___ LISTED RECORDS ___
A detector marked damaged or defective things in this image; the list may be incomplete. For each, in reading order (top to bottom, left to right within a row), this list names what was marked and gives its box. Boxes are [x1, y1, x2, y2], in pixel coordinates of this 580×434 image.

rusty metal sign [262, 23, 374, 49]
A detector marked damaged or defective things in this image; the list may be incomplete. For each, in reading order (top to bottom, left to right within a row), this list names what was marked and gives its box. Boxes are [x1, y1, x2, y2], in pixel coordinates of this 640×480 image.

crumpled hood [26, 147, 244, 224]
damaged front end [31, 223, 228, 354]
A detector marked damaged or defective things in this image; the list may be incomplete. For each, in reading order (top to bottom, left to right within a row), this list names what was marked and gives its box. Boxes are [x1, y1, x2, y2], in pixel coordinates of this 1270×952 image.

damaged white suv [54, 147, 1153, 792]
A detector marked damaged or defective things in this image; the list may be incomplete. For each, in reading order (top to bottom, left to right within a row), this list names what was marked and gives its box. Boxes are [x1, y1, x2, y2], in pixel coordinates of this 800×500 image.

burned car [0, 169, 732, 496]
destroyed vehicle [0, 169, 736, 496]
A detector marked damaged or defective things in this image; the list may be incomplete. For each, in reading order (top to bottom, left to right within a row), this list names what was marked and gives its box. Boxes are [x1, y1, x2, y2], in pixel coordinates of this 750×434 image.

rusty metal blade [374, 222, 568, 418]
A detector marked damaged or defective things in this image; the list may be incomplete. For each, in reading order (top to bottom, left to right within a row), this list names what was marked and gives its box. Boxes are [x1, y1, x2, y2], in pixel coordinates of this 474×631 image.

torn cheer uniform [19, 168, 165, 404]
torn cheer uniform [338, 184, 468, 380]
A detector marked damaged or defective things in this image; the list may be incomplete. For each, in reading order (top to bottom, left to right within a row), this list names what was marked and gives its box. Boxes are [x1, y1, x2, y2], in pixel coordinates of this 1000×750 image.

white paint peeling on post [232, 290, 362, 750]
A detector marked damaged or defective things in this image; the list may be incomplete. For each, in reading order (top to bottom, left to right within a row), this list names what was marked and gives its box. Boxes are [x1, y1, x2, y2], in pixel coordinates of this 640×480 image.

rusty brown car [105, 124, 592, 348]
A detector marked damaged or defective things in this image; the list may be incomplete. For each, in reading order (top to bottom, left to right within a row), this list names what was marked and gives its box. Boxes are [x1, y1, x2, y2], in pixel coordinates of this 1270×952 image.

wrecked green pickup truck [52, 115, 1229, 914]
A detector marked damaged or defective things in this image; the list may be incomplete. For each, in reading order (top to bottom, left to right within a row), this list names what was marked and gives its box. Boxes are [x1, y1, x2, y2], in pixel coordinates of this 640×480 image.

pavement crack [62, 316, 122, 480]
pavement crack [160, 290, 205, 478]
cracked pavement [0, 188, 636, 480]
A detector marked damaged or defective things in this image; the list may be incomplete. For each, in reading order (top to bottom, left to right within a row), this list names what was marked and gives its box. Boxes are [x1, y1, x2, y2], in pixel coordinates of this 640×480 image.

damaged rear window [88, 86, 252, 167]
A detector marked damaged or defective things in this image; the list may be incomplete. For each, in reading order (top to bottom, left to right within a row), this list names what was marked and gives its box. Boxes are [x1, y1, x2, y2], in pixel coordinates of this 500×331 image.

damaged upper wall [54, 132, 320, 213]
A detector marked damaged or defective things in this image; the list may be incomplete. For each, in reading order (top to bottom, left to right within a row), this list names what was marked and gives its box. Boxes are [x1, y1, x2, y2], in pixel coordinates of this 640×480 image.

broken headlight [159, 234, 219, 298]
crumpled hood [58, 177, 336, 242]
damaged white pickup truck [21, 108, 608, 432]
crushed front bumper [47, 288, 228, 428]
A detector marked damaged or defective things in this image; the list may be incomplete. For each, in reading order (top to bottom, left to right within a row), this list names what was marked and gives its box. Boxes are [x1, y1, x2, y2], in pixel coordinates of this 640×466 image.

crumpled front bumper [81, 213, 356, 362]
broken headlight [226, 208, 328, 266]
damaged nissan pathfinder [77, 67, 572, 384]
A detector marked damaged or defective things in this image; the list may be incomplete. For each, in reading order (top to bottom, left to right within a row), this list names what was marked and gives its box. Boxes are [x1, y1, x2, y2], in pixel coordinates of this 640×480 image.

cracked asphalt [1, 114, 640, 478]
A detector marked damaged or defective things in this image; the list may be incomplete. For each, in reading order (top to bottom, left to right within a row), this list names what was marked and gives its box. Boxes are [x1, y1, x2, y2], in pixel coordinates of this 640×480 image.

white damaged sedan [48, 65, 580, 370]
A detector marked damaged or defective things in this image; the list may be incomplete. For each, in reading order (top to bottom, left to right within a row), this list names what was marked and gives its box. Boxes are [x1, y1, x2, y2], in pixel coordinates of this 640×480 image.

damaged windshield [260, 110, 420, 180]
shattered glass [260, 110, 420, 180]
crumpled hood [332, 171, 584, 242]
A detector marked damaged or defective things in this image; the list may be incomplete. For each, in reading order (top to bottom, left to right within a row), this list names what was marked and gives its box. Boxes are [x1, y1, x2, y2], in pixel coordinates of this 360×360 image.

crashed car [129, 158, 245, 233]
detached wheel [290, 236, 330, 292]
___
WORK ITEM:
Print exactly, and only, the lines from the line containing "this 360×360 image." through the final line of the records, both included.

EXERCISE OUTPUT:
A detector marked damaged or defective things in this image; the list may be incomplete. For each, in reading order (top to bottom, left to right within a row), this list names what was marked and gives its box. Boxes are [x1, y1, x2, y2], in pixel coordinates of this 360×360 image.

crashed car [129, 158, 245, 233]
detached wheel [290, 236, 330, 292]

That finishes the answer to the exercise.